Mitigating Climate Change
As much of the western U.S. gets even hotter and drier in the coming years, thanks to climate change, spectrometry
studies will help scientists better measure the water that is left, Gehrke said.
The data will also help scientists refine and test climate models. Such models have proved not to be very accurate
in predicting the amount of water in mountain systems because they are so complex, Gehrke said. But that could
change soon.
"The main icon of climate change is melting glaciers, and understanding the snowpack is key to understanding both
our frozen world and our shrinking water supply," Painter said.
Snow science may also help governments lessen climate change itself. Over the past few years, scientists have
suggested that reducing the amount of dust and pollution that falls on snow could not only slow snowmelt, but also
cool the climate. That's because snow reflects the sun's heat back toward space while bare ground tends to absorb
it.
"Our work will determine to what extent that's true," Painter said. "If it does work, it could provide a regional solution
to help fight global warming, as opposed to dealing with the atmosphere directly, which is a global problem."
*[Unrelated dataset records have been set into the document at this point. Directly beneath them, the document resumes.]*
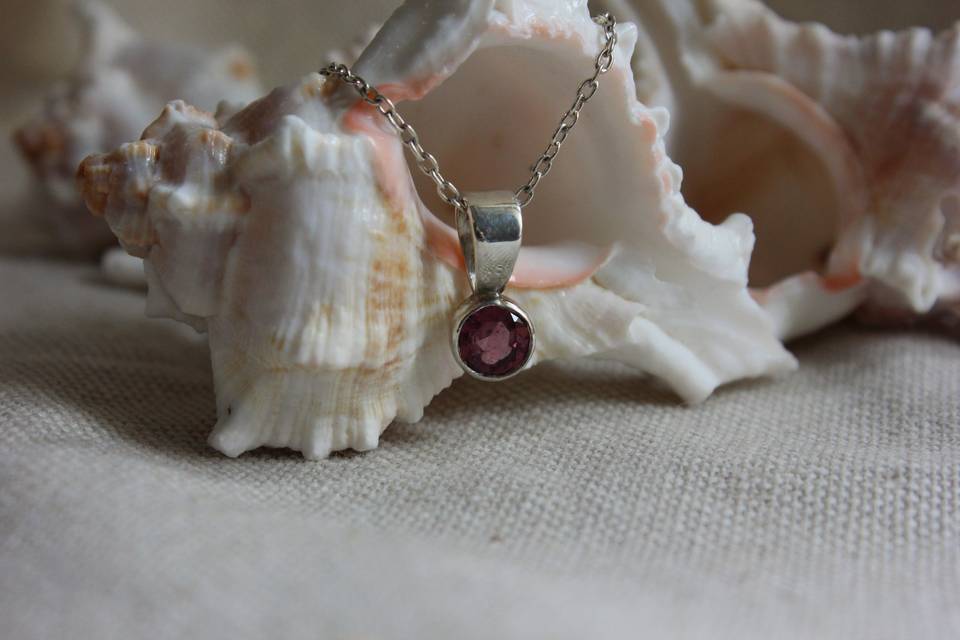 Collier tourmaline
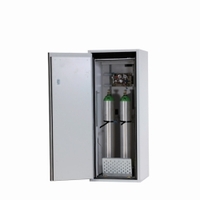 Gas bottle cabinet G90light grey, width 900 mm,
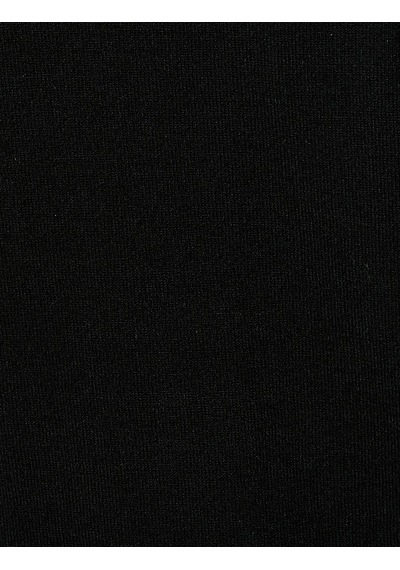 Koton Triko Kazak Yarım Balıkçı Yaka Kolları Yırtmaçlı Standart Kesim Siyah 4wak90095ht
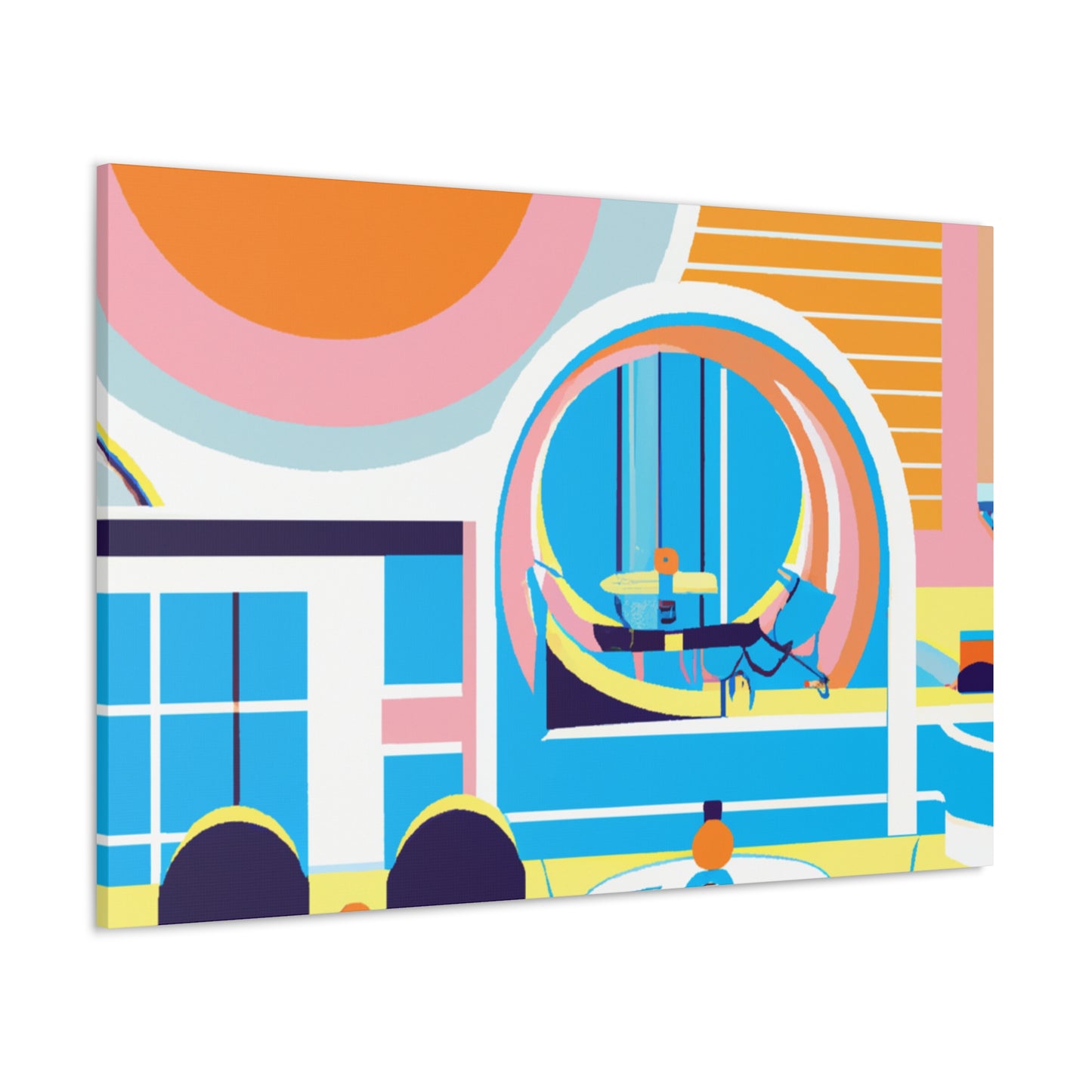 Umbrella Skyline - Midcentury - Canvas
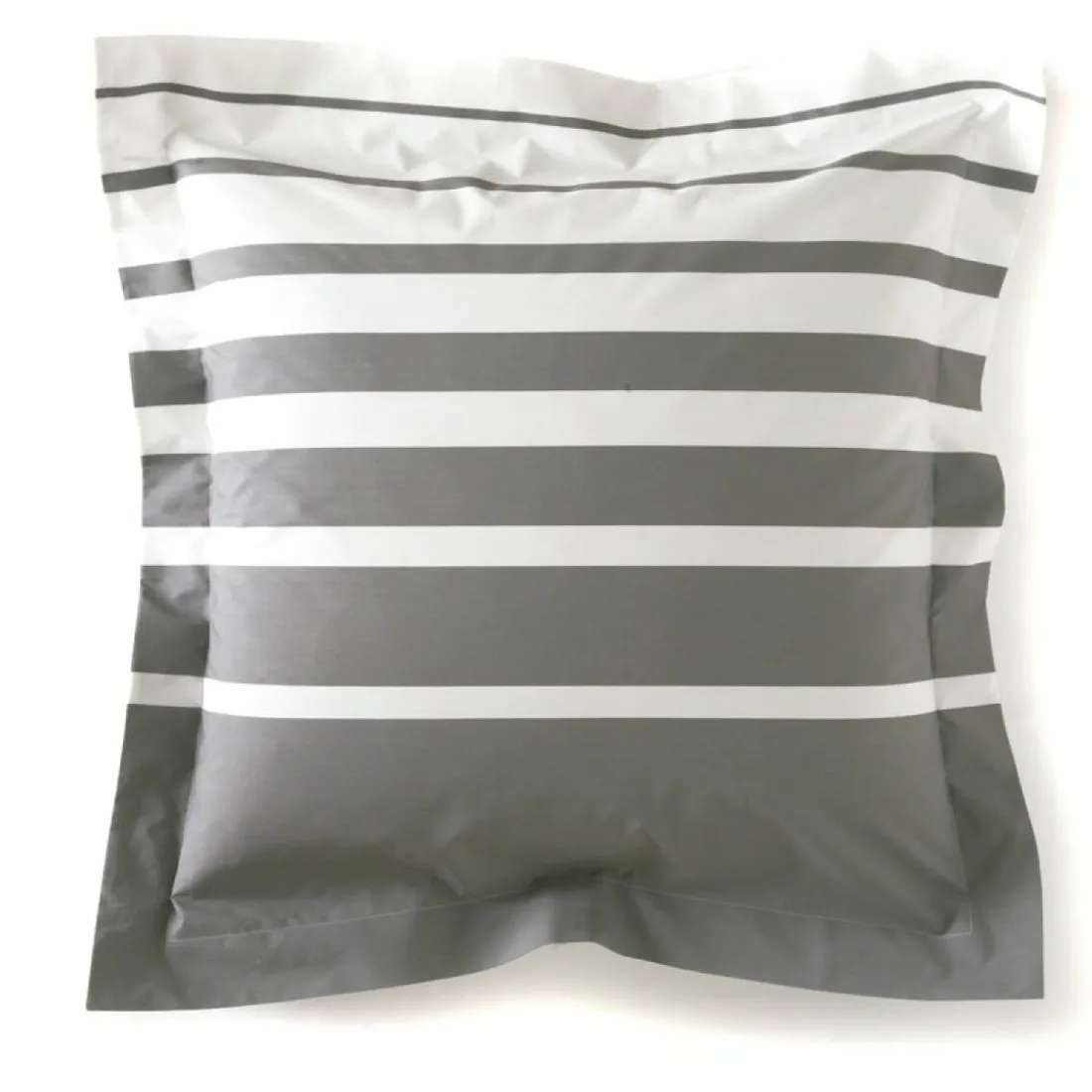 Taie d'oreiller percale GRAND LARGE Acier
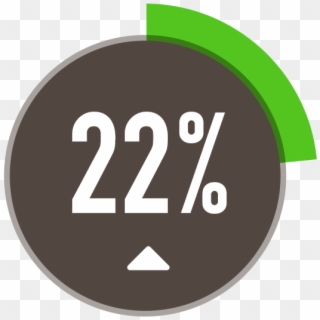 22 Percent Icon - Circle Clipart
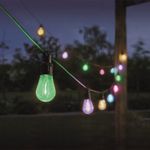 Smart Garden Vintage Festoon String Lights, Set of 10 - Multicoloured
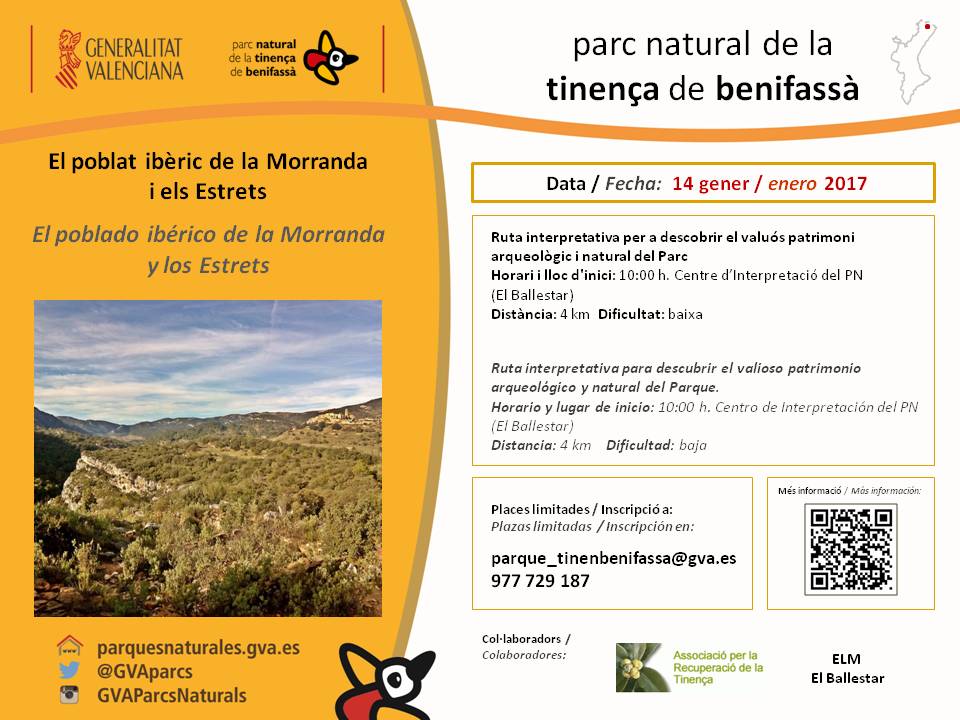 el pobla ibèric de la morranda i els estrets el ballestar allotjament rural tinença de benifassà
Earlier, Painter and Gehrke walked through a meadow to check on a snow observation station in a remote part of
northern Yosemite. There had been a rare summer rain recently, so the ground was covered with wildflowers. It
wasn't nearly enough moisture to alleviate the drought, but it was enough for the colorful blossoms to inspire a
sense of hope.
Gehrke stood on the flexible metal "snow pillow," which undulated like a stainless steel waterbed. When flakes pile
up on the metal surface, sensors underneath measure their weight. Gehrke then donned a helmet and harness and

climbed up a tower about two stories tall. He checked the instruments that measure temperature, pressure,
humidity, and wind speed and direction, and he installed a radio transmitter to improve data sharing.
On the way down the tower, Gehrke skinned his shin. A trickle of blood ran down to his sock. But he waved it off,
saying it happens all the time.
After the snows fall, Gehrke will board a refurbished Twin Otter plane and fly back and forth over Yosemite's granite
peaks, the same craggy features scaled by John Muir and photographed by Ansel Adams. Painter and colleagues
will then analyze the data on the size and reflectivity of the snowpack, and that will inform Gehrke's reports on how
much water Californians can expect to receive.
"Understanding the Sierra snowpack is critical to California's future," Painter said as he took in the spectacular view.
"I hope my children and their children will be able to rely on the snow, too."